It is very helpful to consider how you will spend your money in retirement. A lot of your expenses in retirement, especially services, are priced in Euro and paid for in Euro. However, many expenses depend on global prices like electronics and clothing, and as I'm sure you've noticed recently in Cyprus and the UAE, the strength or weakness of your currency can make a big difference in the price of those goods and on your quality of life.
If you were to go and just invest in a balanced international portfolio like the Vanguard Total World ETF you would have too much foreign currency exposure and if the Euro was particularly strong at retirement, the local goods and services might be relatively too expensive. However, if you hedge all your international portfolio back to Euro like base64 suggests, you could be in a tough spot buying your needed global goods if the Euro is particularly weak. While you could get lucky in either of these scenarios if the Euro moves the right way at the right time, it can be a dangerous thing to bet on.

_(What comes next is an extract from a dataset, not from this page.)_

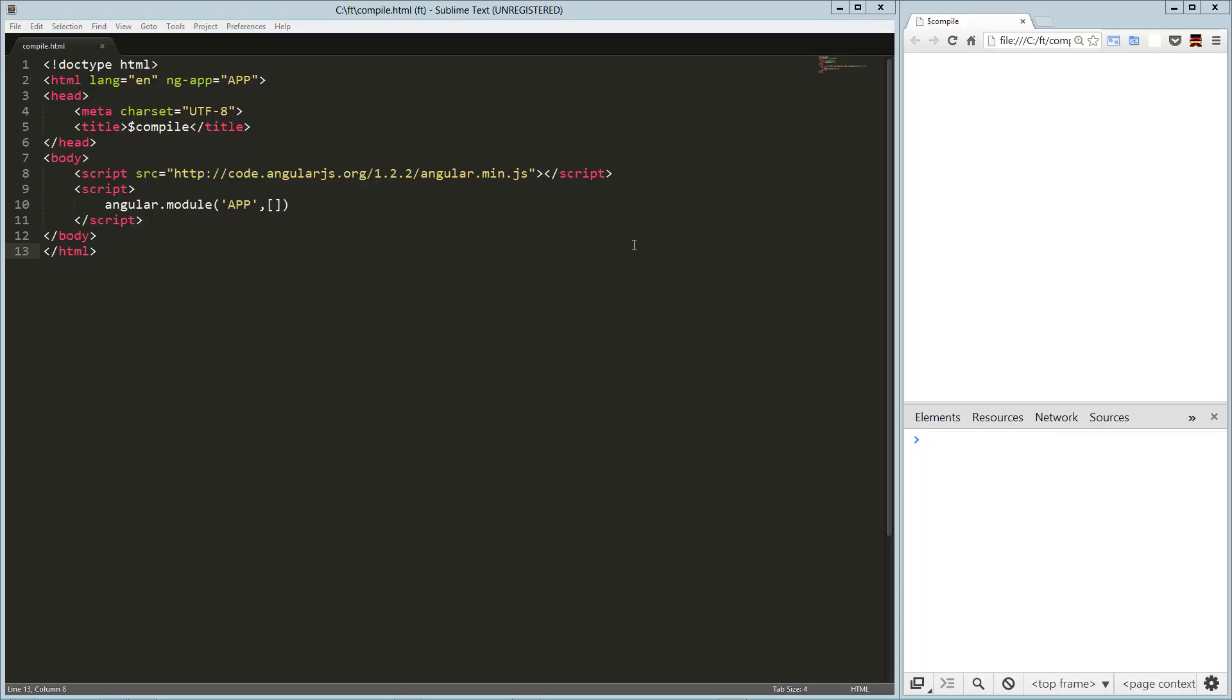Hey guys, today we're going to take a look at the compile service in AngularJS. This is going to get a little bit meta. What the compiler service does is it turns all your HTML into controllers and directives and all that good stuff. So what we're going to do is we're going to create a controller that creates directives, basically.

Your expenses in retirement are almost certainly more balanced than either of the two extremes above, so your portfolio should be balanced as well. Luckily, there are two fairly simple ways to accomplish this that are generally available to a European investor. One is to have a globally diversified portfolio with a bias toward the local currency; while you lose some of the diversification benefits of a fully global portfolio, this is generally very easy to set up and maintain. Also, you could have a more global portfolio but hedge some of the currency risk to your local currency. The best way to do this these days is holding currency hedged ETFs as base64 suggests; just make sure it is only part of your international portfolio. However, this can add more costs to your portfolio.
While I can't give you what percentage in Euro is the best percentage. One thing to keep in mind though as you think about your retirement spending is that both goods and services have been getting more globally priced over time. If you think this will continue to when you retire, as I do, you may want to bias your portfolio to have more foreign currency exposure than someone that would be retiring sooner.
Edit: @base64 Fully-hedged etfs actually add currency risk when compared to Demos' retirement expenses which will not be 100% Euro denominated as he will need to buy a combination of global and local (Euro) goods. My best guess for a portfolio that makes not Demos' portfolio but more important Basement Jaxx's retirement agnostic to currency moves is a globally diversified portfolio either with a tilt toward European stocks or with a small amount of currency hedged international etfs.